- [Data listing]:
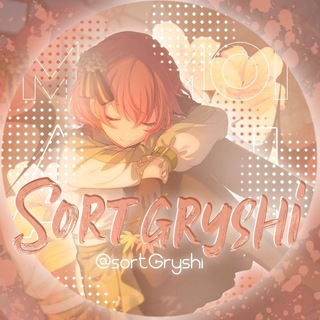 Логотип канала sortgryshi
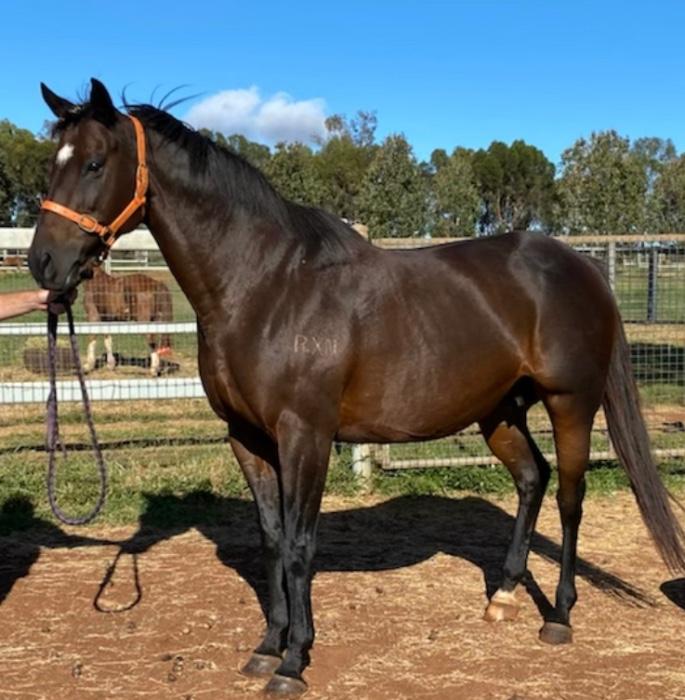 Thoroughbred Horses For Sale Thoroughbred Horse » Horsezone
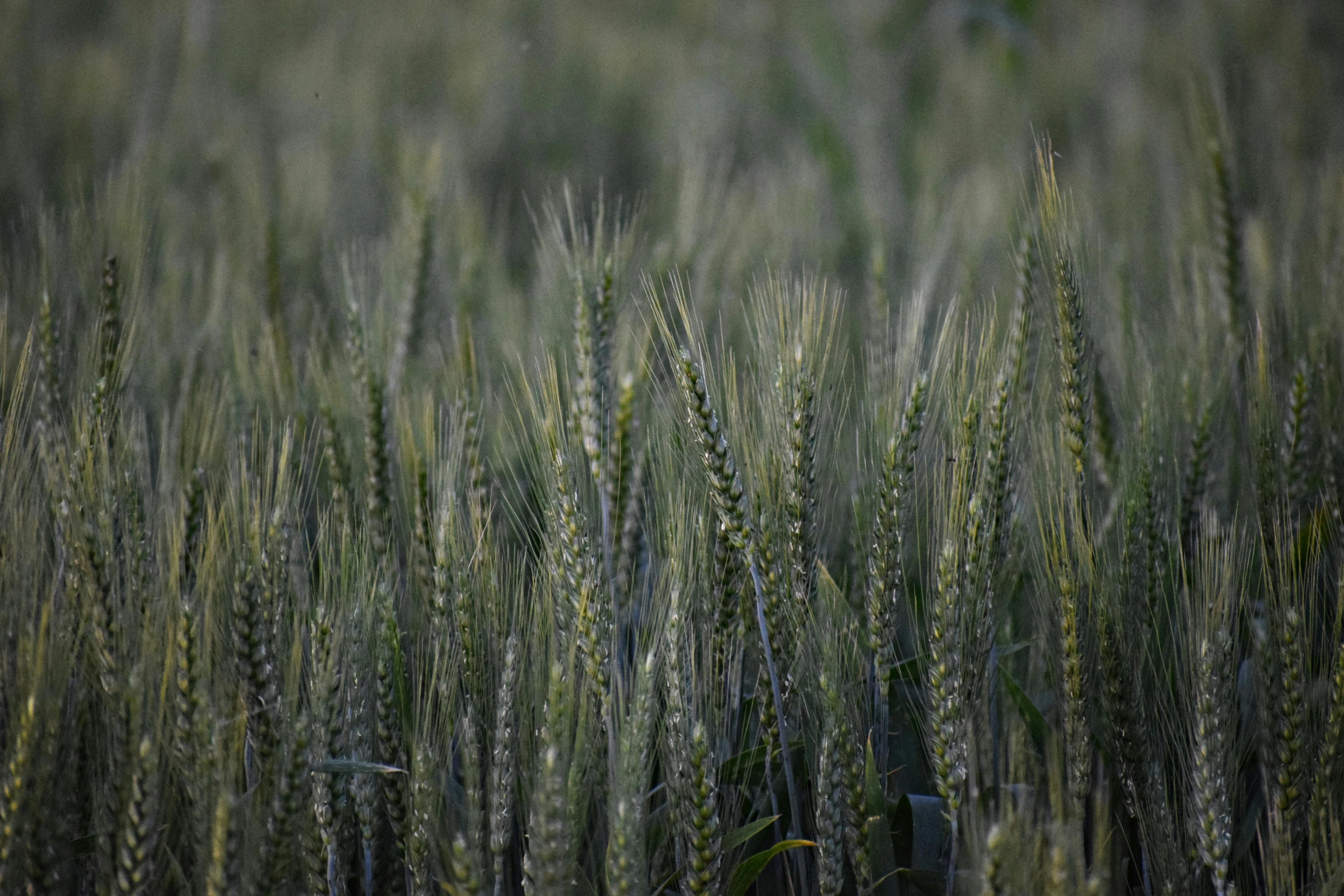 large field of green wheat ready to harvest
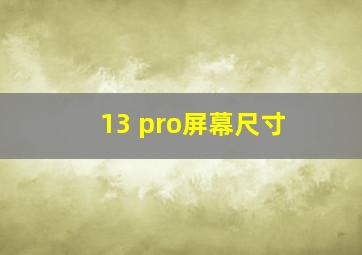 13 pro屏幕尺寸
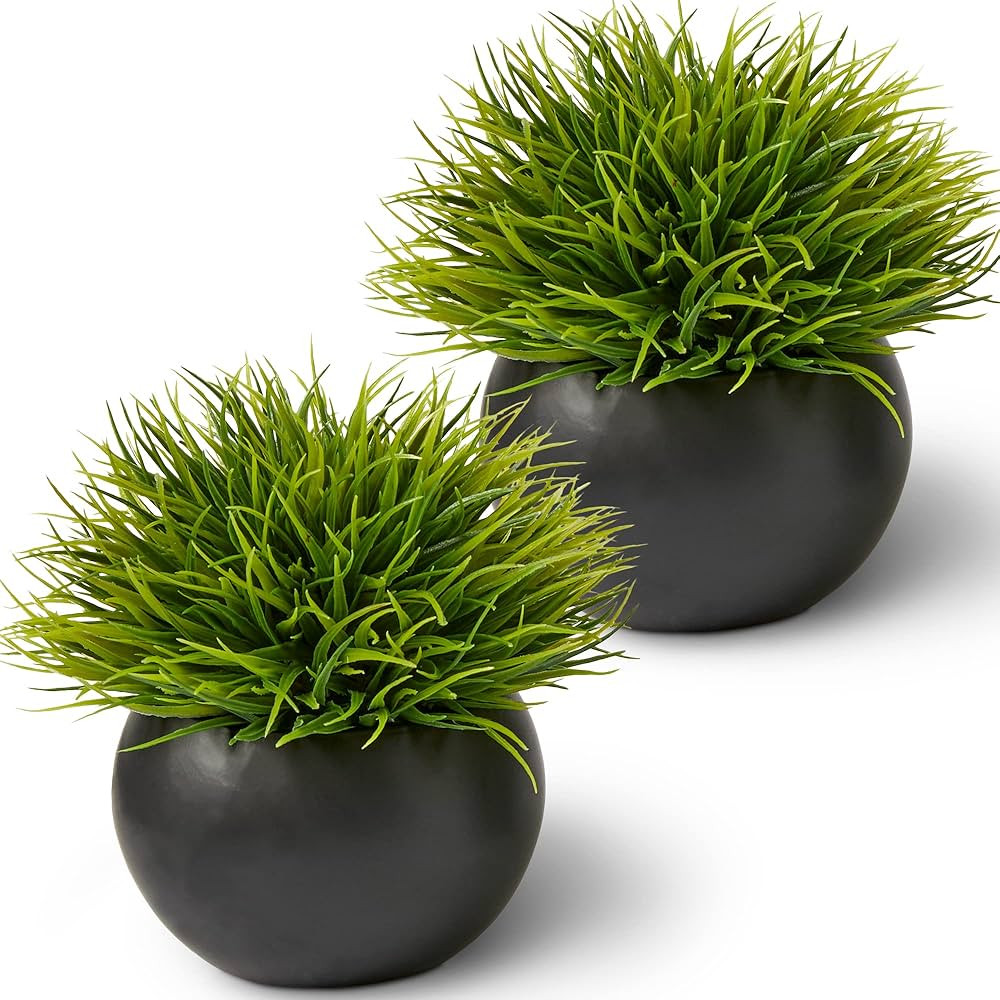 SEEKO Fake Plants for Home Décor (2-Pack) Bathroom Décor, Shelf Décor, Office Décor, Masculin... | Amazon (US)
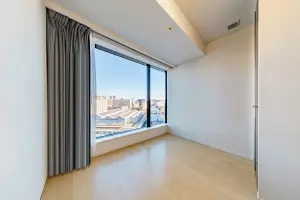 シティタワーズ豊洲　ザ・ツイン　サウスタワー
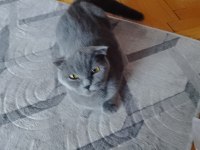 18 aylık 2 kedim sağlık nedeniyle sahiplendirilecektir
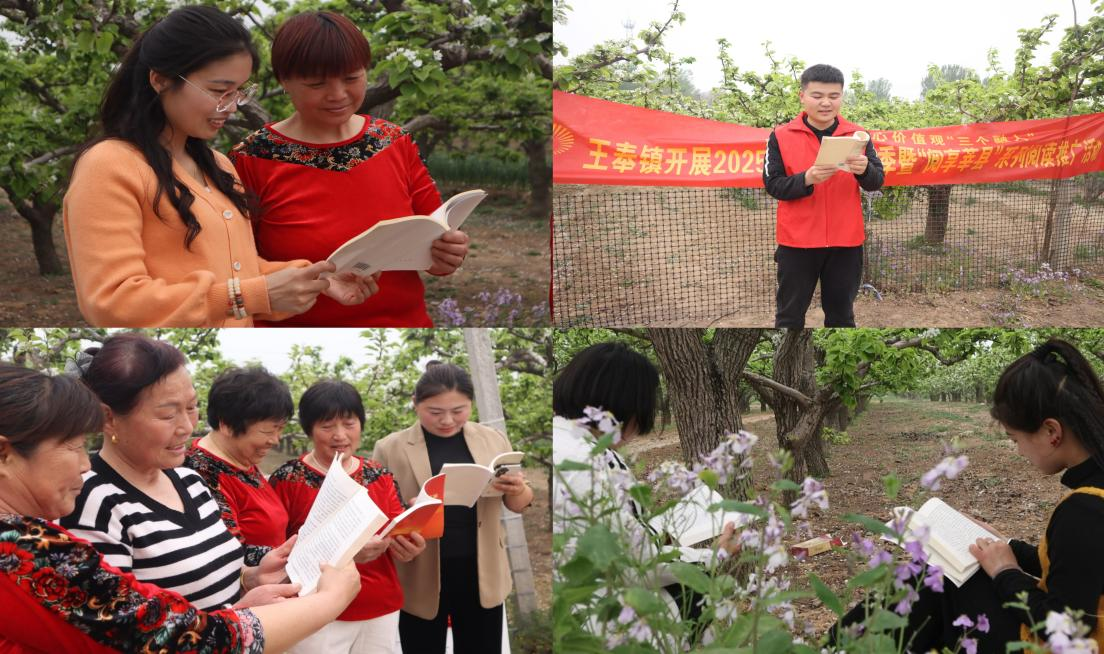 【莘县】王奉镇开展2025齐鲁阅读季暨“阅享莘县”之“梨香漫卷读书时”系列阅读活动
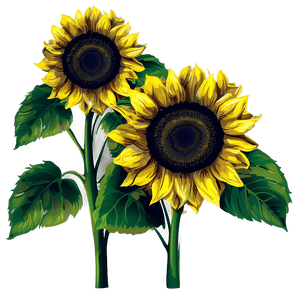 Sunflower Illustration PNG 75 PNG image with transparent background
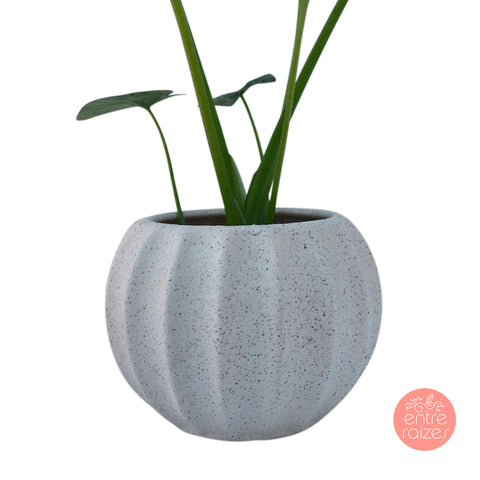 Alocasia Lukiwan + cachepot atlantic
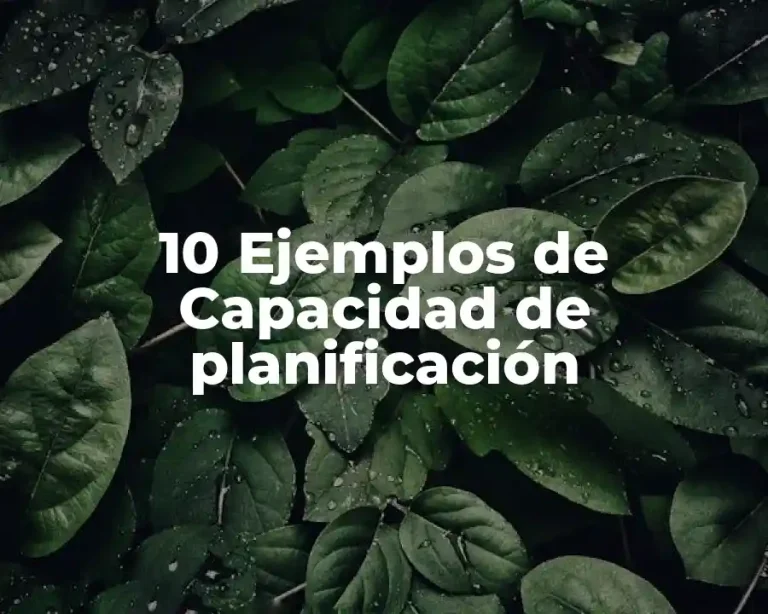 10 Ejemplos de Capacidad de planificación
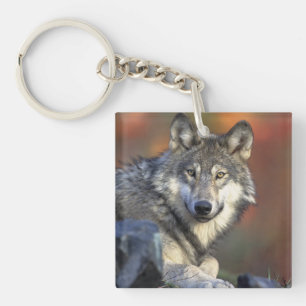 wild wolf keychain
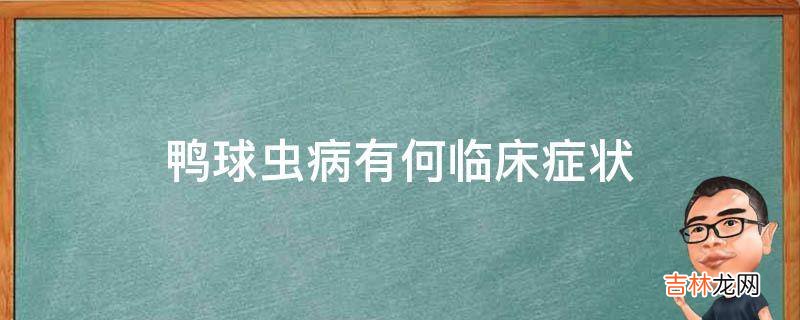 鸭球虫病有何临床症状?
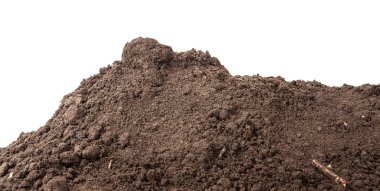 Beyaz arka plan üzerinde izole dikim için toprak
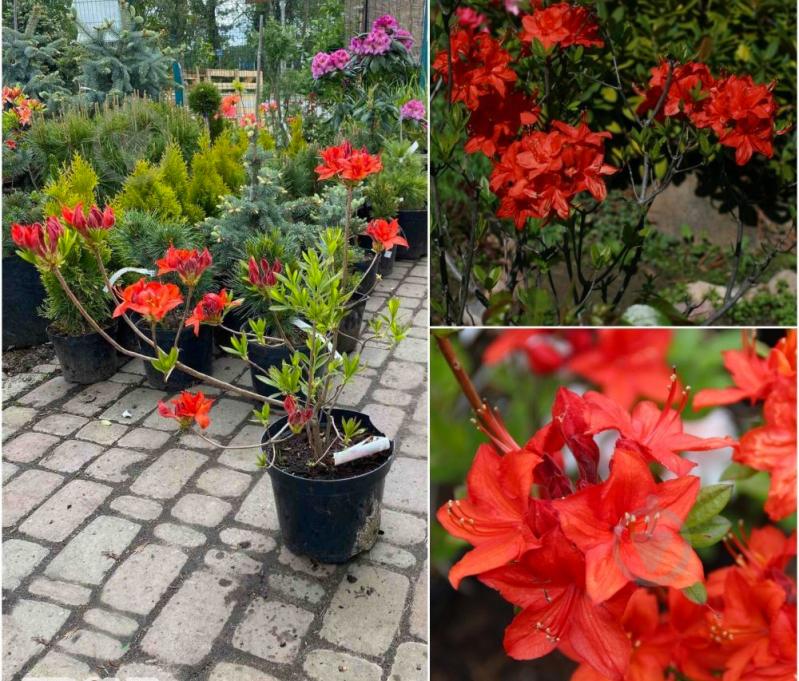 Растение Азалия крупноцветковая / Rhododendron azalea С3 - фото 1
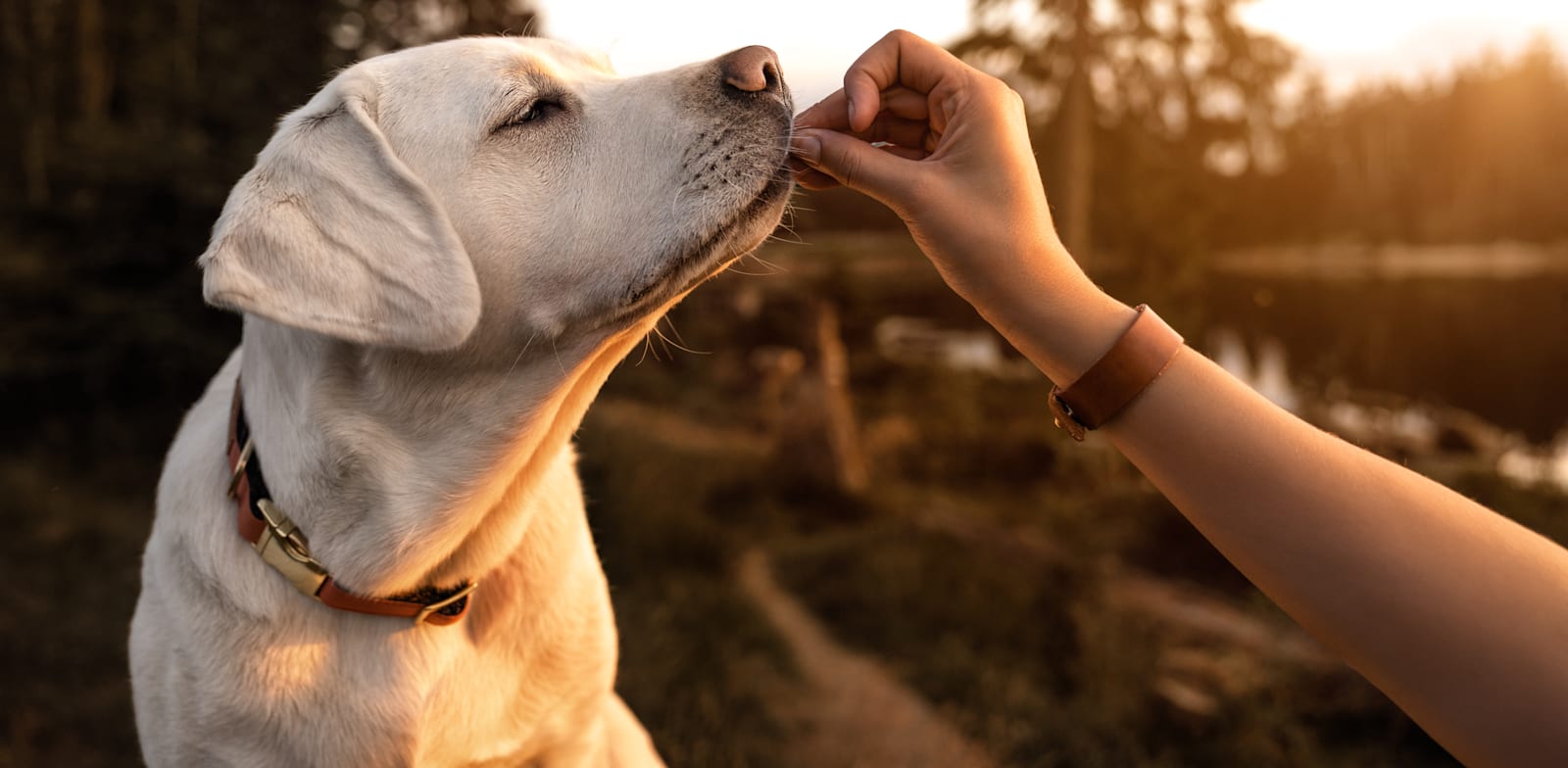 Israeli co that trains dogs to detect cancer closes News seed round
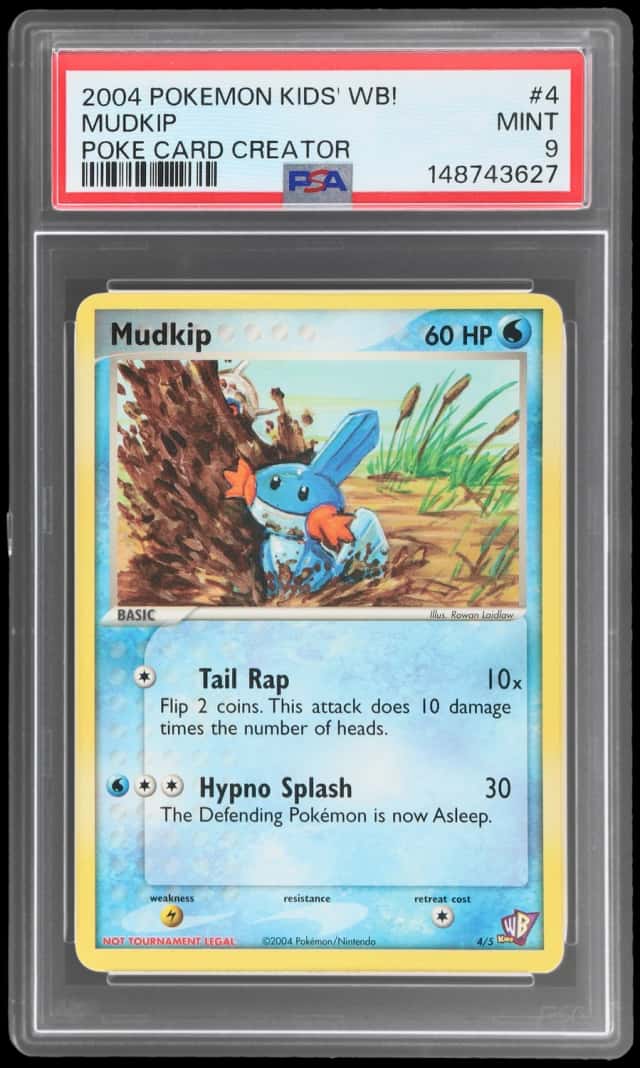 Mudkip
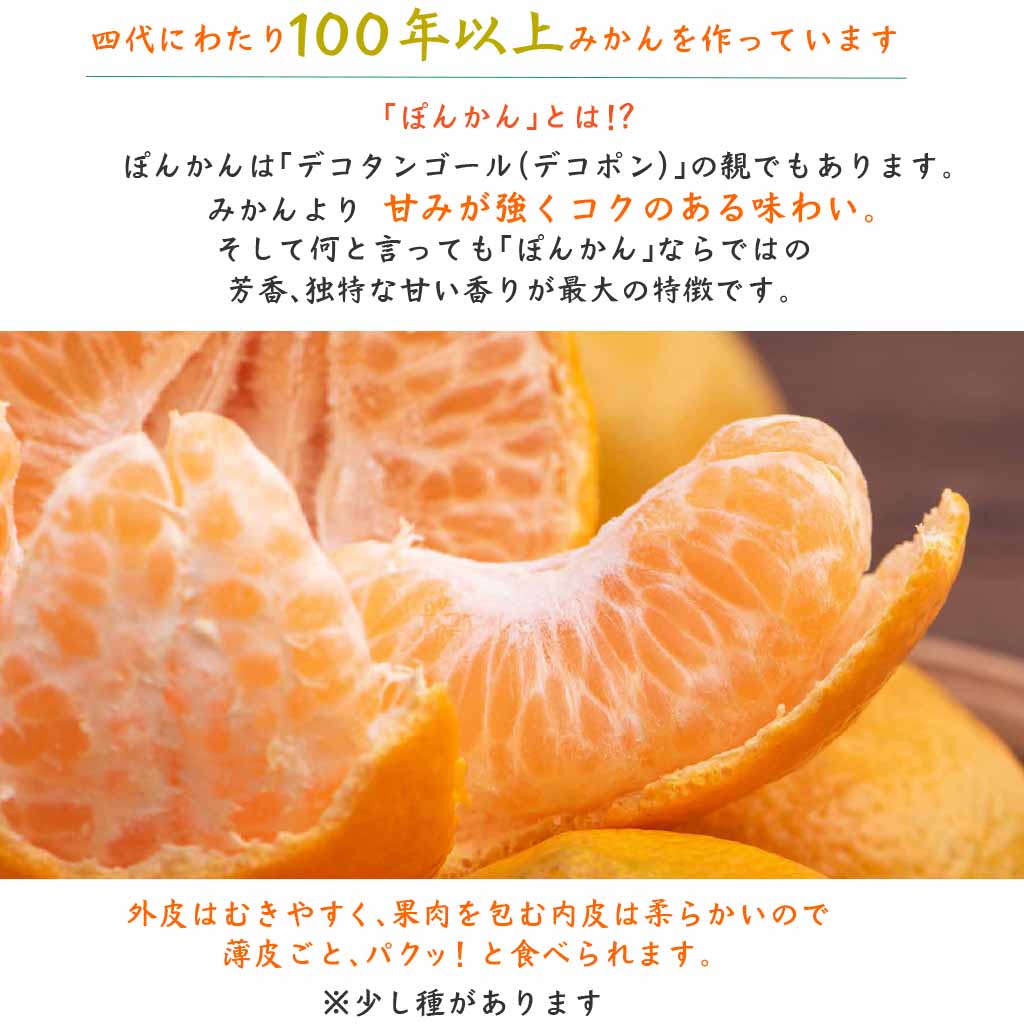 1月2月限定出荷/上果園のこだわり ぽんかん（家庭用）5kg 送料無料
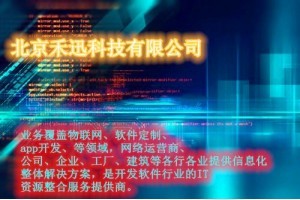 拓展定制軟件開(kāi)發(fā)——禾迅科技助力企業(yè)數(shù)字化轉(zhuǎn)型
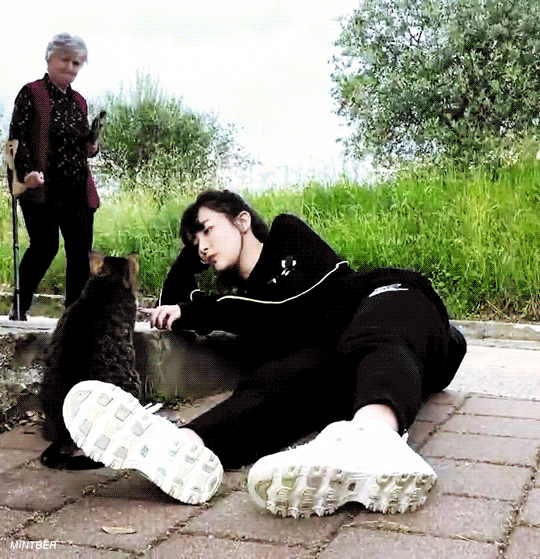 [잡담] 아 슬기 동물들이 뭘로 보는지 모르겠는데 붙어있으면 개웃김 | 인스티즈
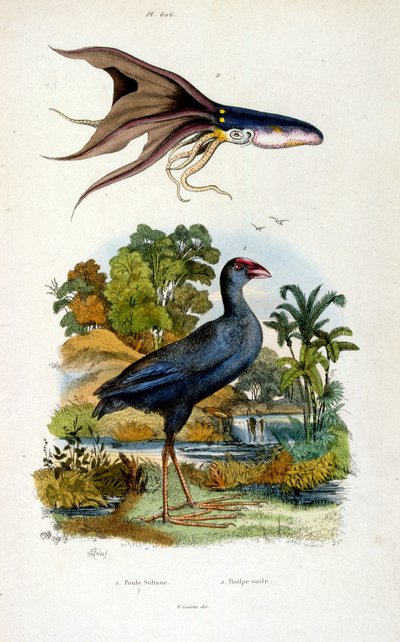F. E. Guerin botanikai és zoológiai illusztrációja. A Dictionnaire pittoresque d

- [Task]:
With all pictures omitted, repeat every record above word for word.

- [Expected answer]:
 Логотип канала sortgryshi
 Thoroughbred Horses For Sale Thoroughbred Horse » Horsezone
 large field of green wheat ready to harvest
 13 pro屏幕尺寸
 SEEKO Fake Plants for Home Décor (2-Pack) Bathroom Décor, Shelf Décor, Office Décor, Masculin... | Amazon (US)
 シティタワーズ豊洲　ザ・ツイン　サウスタワー
 18 aylık 2 kedim sağlık nedeniyle sahiplendirilecektir
 【莘县】王奉镇开展2025齐鲁阅读季暨“阅享莘县”之“梨香漫卷读书时”系列阅读活动
 Sunflower Illustration PNG 75 PNG image with transparent background
 Alocasia Lukiwan + cachepot atlantic
 10 Ejemplos de Capacidad de planificación
 wild wolf keychain
 鸭球虫病有何临床症状?
 Beyaz arka plan üzerinde izole dikim için toprak
 Растение Азалия крупноцветковая / Rhododendron azalea С3 - фото 1
 Israeli co that trains dogs to detect cancer closes News seed round
 Mudkip
 1月2月限定出荷/上果園のこだわり ぽんかん（家庭用）5kg 送料無料
 拓展定制軟件開(kāi)發(fā)——禾迅科技助力企業(yè)數(shù)字化轉(zhuǎn)型
 [잡담] 아 슬기 동물들이 뭘로 보는지 모르겠는데 붙어있으면 개웃김 | 인스티즈
F. E. Guerin botanikai és zoológiai illusztrációja. A Dictionnaire pittoresque d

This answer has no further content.